Input records:
—————
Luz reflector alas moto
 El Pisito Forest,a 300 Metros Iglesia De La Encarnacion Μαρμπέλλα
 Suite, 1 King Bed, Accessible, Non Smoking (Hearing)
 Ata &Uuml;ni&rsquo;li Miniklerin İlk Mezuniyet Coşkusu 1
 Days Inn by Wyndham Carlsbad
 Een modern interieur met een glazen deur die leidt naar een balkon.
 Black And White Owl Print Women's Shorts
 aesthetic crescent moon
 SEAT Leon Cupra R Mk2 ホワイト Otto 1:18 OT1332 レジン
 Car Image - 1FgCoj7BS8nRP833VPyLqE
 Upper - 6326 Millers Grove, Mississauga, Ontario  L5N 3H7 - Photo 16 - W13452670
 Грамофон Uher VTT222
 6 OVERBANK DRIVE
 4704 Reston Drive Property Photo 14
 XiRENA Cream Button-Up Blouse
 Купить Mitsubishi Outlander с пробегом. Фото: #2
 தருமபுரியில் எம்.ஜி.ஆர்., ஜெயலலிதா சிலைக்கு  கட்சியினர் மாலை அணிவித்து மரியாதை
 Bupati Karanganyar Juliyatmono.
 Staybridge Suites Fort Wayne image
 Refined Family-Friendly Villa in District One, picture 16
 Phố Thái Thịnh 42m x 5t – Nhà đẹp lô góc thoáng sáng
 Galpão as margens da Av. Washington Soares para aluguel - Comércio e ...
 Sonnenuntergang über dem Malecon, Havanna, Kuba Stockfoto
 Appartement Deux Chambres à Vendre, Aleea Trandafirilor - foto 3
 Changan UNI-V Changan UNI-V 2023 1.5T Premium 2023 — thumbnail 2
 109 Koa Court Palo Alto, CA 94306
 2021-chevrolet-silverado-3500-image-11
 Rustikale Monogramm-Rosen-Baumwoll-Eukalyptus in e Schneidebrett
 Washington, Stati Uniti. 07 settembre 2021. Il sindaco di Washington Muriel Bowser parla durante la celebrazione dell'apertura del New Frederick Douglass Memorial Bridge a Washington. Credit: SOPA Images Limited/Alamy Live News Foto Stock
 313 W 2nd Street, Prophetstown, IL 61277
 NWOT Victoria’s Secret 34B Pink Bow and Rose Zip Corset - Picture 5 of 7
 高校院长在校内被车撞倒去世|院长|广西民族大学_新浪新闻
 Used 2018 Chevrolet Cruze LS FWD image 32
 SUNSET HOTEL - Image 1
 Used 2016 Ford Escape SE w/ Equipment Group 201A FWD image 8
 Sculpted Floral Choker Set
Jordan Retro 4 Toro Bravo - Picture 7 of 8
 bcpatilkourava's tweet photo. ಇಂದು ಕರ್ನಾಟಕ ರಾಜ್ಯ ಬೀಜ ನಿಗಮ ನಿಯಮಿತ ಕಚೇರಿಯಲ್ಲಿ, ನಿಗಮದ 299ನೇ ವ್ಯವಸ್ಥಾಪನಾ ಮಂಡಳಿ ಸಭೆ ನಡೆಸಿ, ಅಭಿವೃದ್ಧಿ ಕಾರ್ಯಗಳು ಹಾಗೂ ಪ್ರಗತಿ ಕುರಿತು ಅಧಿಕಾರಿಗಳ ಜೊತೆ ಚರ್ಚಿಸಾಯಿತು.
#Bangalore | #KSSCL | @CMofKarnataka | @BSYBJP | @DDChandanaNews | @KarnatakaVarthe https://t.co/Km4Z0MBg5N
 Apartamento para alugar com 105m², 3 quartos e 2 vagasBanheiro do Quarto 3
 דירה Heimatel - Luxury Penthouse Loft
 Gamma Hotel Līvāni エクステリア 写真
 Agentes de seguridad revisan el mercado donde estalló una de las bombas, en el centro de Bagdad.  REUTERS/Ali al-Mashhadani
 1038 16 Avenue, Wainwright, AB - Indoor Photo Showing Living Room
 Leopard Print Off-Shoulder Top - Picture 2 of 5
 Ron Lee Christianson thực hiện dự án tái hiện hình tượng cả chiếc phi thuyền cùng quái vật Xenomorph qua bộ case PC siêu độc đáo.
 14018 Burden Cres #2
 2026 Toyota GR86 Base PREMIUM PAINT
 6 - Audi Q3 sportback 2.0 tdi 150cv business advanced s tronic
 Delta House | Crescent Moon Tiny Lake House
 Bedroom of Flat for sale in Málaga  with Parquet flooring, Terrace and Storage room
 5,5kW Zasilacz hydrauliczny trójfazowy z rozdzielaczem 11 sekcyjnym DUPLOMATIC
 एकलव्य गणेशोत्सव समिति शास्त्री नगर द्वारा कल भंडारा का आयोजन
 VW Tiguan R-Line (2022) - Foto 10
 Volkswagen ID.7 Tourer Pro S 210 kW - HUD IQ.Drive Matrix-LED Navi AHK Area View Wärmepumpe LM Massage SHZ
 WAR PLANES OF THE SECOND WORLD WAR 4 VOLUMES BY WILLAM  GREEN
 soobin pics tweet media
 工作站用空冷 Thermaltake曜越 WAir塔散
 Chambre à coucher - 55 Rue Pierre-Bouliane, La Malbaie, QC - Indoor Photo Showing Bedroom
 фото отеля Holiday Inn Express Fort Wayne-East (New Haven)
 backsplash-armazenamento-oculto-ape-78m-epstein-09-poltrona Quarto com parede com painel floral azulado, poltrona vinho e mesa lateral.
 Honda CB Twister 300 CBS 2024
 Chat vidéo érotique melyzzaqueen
—————
Problem requirements:
Write the lines out again exactly, beginning at the line that contains "14018 Burden Cres #2" and stopping only at the final line of the listing above.

Solution to this task:
 14018 Burden Cres #2
 2026 Toyota GR86 Base PREMIUM PAINT
 6 - Audi Q3 sportback 2.0 tdi 150cv business advanced s tronic
 Delta House | Crescent Moon Tiny Lake House
 Bedroom of Flat for sale in Málaga  with Parquet flooring, Terrace and Storage room
 5,5kW Zasilacz hydrauliczny trójfazowy z rozdzielaczem 11 sekcyjnym DUPLOMATIC
 एकलव्य गणेशोत्सव समिति शास्त्री नगर द्वारा कल भंडारा का आयोजन
 VW Tiguan R-Line (2022) - Foto 10
 Volkswagen ID.7 Tourer Pro S 210 kW - HUD IQ.Drive Matrix-LED Navi AHK Area View Wärmepumpe LM Massage SHZ
 WAR PLANES OF THE SECOND WORLD WAR 4 VOLUMES BY WILLAM  GREEN
 soobin pics tweet media
 工作站用空冷 Thermaltake曜越 WAir塔散
 Chambre à coucher - 55 Rue Pierre-Bouliane, La Malbaie, QC - Indoor Photo Showing Bedroom
 фото отеля Holiday Inn Express Fort Wayne-East (New Haven)
 backsplash-armazenamento-oculto-ape-78m-epstein-09-poltrona Quarto com parede com painel floral azulado, poltrona vinho e mesa lateral.
 Honda CB Twister 300 CBS 2024
 Chat vidéo érotique melyzzaqueen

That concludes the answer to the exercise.